THE PROBLEM
The whole listing, pictures aside, should be reproduced exactly.

DATASET EXCERPT
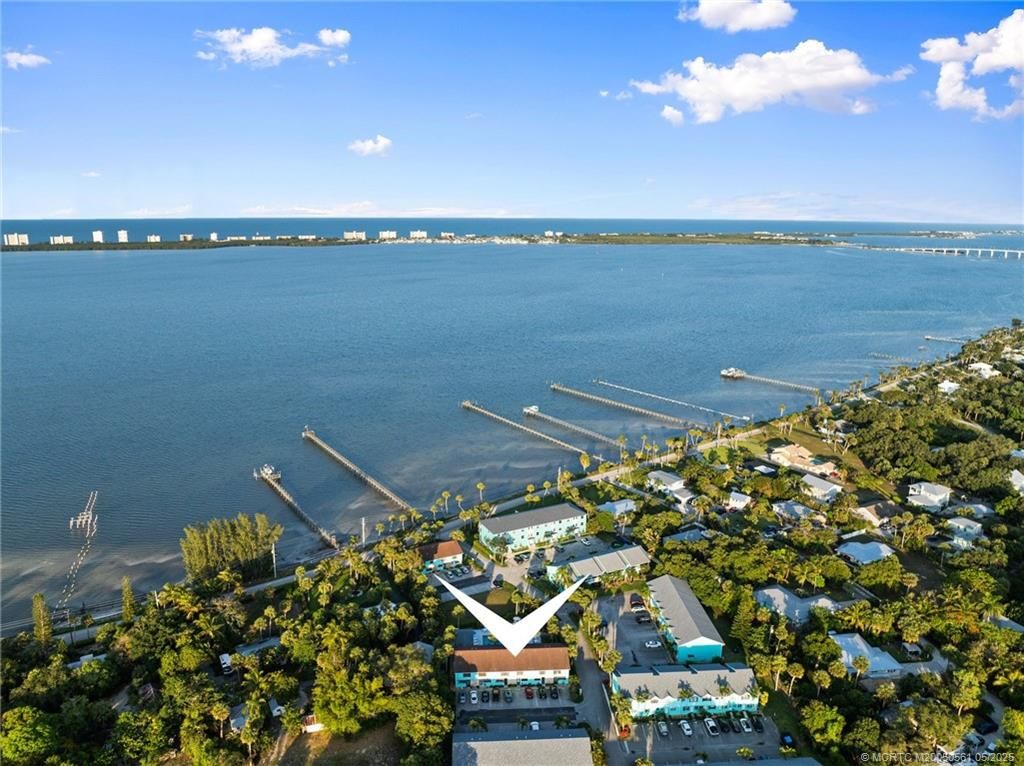 Photo of 13509 S Indian River Drive #403, Jensen Beach, FL 34957 (MLS # M20050561)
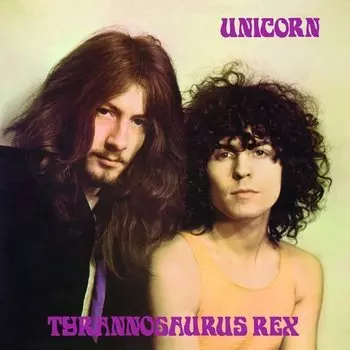 Виниловая пластинка T.Rex - Unicorn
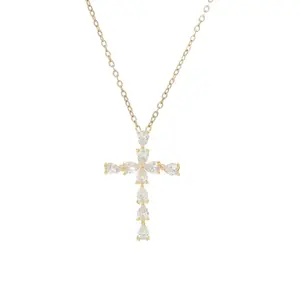 Cross Necklace for Women - Fashion Accessory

ANSWER
 Photo of 13509 S Indian River Drive #403, Jensen Beach, FL 34957 (MLS # M20050561)
 Виниловая пластинка T.Rex - Unicorn
 Cross Necklace for Women - Fashion Accessory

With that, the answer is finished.